AbstractBarbara Köhler's poem cycle ‘Elektra. Spiegelungen’ (written 1984–5, first published 1991) is the response of the female poet to Heiner Müller's Die Hamletmaschine (1977). The paper examines the relation between Müller's Ophelia/Elektra, who swears revenge while being bound into a wheelchair in the course of the final scene, and Köhler's multiple figure (‘die gestalt nähert sich wird körper verdoppelt verviel‐/facht eins in allen bildern neigt sie sich zu und fordert’, I), focusing in particular on the strategies with which the woman writer seeks to elicit movement from the potential entrapment in immobility of the female figure in the mirror‐images of male‐created myth.
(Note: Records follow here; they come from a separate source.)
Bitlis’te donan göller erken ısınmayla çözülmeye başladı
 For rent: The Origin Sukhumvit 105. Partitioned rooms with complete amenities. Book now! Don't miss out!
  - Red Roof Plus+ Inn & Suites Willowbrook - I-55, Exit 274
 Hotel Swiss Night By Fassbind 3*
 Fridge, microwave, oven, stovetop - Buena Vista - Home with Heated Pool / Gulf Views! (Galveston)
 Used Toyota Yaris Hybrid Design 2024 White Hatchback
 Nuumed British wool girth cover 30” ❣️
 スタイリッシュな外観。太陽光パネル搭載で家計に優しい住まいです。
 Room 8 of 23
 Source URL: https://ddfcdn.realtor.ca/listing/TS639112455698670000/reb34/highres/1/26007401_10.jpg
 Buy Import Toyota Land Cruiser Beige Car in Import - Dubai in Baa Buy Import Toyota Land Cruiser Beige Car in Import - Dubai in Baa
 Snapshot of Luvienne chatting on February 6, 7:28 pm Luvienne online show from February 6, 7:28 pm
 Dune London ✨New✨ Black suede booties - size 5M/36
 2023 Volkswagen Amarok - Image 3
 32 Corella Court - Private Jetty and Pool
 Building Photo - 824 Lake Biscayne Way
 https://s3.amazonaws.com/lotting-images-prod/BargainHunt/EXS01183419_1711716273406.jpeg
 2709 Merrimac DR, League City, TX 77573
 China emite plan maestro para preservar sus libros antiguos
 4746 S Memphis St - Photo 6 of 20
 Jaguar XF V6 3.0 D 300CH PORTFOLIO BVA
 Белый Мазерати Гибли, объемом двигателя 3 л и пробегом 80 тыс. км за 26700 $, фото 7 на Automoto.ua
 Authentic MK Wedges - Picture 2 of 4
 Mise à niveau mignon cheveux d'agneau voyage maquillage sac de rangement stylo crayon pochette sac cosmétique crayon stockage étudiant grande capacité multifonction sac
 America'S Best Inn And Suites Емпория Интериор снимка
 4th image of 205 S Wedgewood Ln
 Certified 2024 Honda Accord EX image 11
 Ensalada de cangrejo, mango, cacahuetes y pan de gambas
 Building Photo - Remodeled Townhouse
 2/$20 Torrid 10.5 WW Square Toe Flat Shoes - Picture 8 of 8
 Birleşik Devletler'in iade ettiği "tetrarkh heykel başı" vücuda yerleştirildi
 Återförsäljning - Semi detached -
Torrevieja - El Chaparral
If iconoclasm is rejected as an option –‘und schlag ich dann treffe ich/dein gesicht und mein gesicht//zerfällt’, III – the multiple refractions created by the eight‐poem cycle nevertheless win a liberating movement from reductive mythical images of Woman (in contrast to Christa Wolf's re‐entrapment of her Kassandra figure in an alternative heroic narrative in her 1983 Erzählung), opening out into a utopian space –‘traum hinter dem irrgarten beginnt eine landschaft’, VIII – in the final poem in the cycle.